Traditional Spanish Paella with Saffron, Tapas and Flan
Today’s Happy Healthy Cook-up is all about Spain!
Since I was 17 and lived with my beautiful Spanish family in Madrid for a year, I have tried in every way to relive that magical time. From becoming a Spanish teacher, traveling with my kids there at every opportunity, to hosting Spanish students…ohhh and the food (sigh) From the tapas to paella and jamon serrano I am transported every time. Today’s cook-up is my way of sharing a big piece of my heart with you. If I could take you all there I would.
Recipes in this cook-up:
Paella with chorizo, chicken and roasted red peppers
Tapas with Manchego, Aceitunas (olives) and Jamón Serrano
Ensaladilla
Wine - Campo Viejo and Monastrell Barrica Consentido
Buttery Butternut Beet Purée Soup
Paella con pollo y chorizo
Serves 6-8
Ingredients:
1/4 pound sliced chorizo
EVOO Olive oil to coat bottom of pan
1 medium Spanish onion chopped
Paprika 2 t
Salt and Pepper
4 cloves smashed and chopped
Chicken thighs 10-12
Medium or Short Grain rice 1/2 cup per person (this recipe 6+ cups)
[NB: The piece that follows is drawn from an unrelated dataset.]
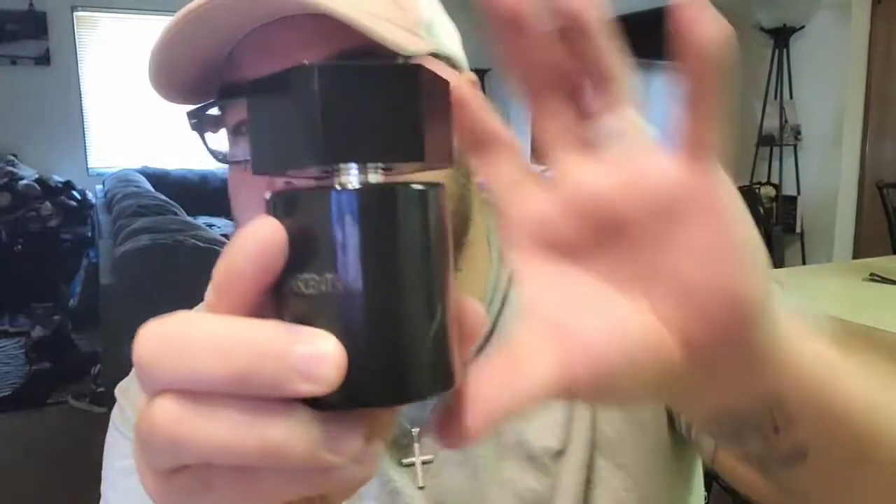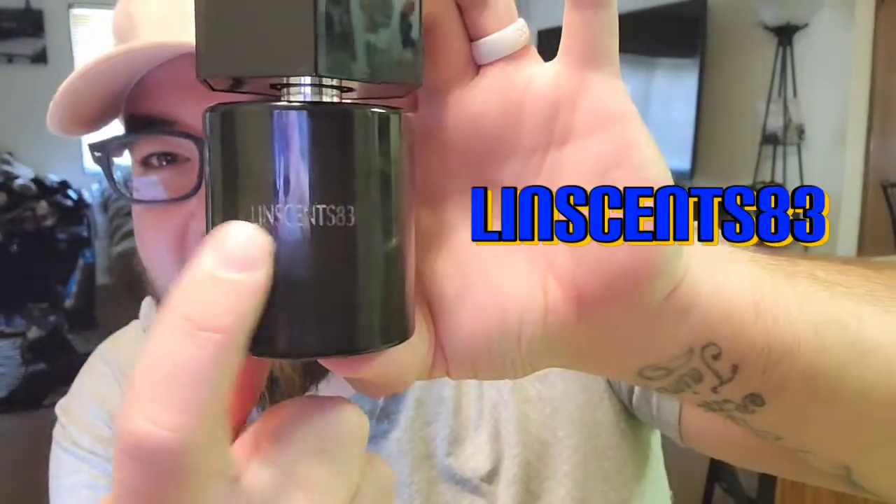This one actually has my logo on it. Now the original La Nuit — it doesn't matter what batch code you got, there might be a difference in performance or whatever, but the smell on this stuff, you guys, it's amazing. Probably one of the best fragrances you can wear of all time. The smell is just exquisite — it's sensual, it's seductive, it's just a beautiful scent.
Chicken Stock ratio of 2:1 with the rice so for this recipe 6 cups plus more if needed
1 generous pinch Saffron threads (dissolved in stock)
1 cup roasted red peppers
1 cup frozen peas
1 lemon sliced in 8
To make: In a large fry pan sautée chorizo till aromatic and remove onto plate.
Sautée: onion in olive oil, salt and pepper paprika when cooked down add garlic for 1 minute, add chicken sautée brown. Add chorizo back in.
Add: Rice to this mixture and stir in to soak up the oil and spices.
Dissolve: threads of saffron in chicken stock. Add to rice and meat mixture. Bring to a boil and then Lower heat let cook on low 15-18 minutes until all the liquid is absorbed. (Keep an eye on it to see if it needs more liquid) If the rice needs more liquid to cook thoroughly add during the slow cooking time.
Add: Roasted pepper slices and peas to the top during the last 5 minutes of cooking time and cover.
Garnish: with lemon slices
Jamón Serrano and Manchego Cheese Plate
Spanish Tapas plate
Arrange on a charcuterie board or plate:
Jamón Serrano
Manchego cheese wedges
Spanish olives
Olive tapenade
Apple Slices
baguette slices
Spanish Flan
Spanish Flan
Serves 6
This is a 4 ingredient recipe and a truly iconic Spanish dessert.
You’ll need 6 ramekins.
1 1/2 c. sugar
4 eggs
2 c. whole milk
1 t. vanilla
To make: Beat eggs and 1/2 c sugar together add milk and vanilla.
Melt 1 cup of sugar in a sauce pan -stirring until carmel-y. While the sugar is melting, prepare ramekins or dessert dish in a bain marie (shallow pan with hot water). When the caramel is melted pour it into each ramekin and tip to coat all the sides. This will stay melted if ramekins are in the hot water bath. Pour the egg/milk mixture in and bake at 300 for 40 minutes until wiggly firm.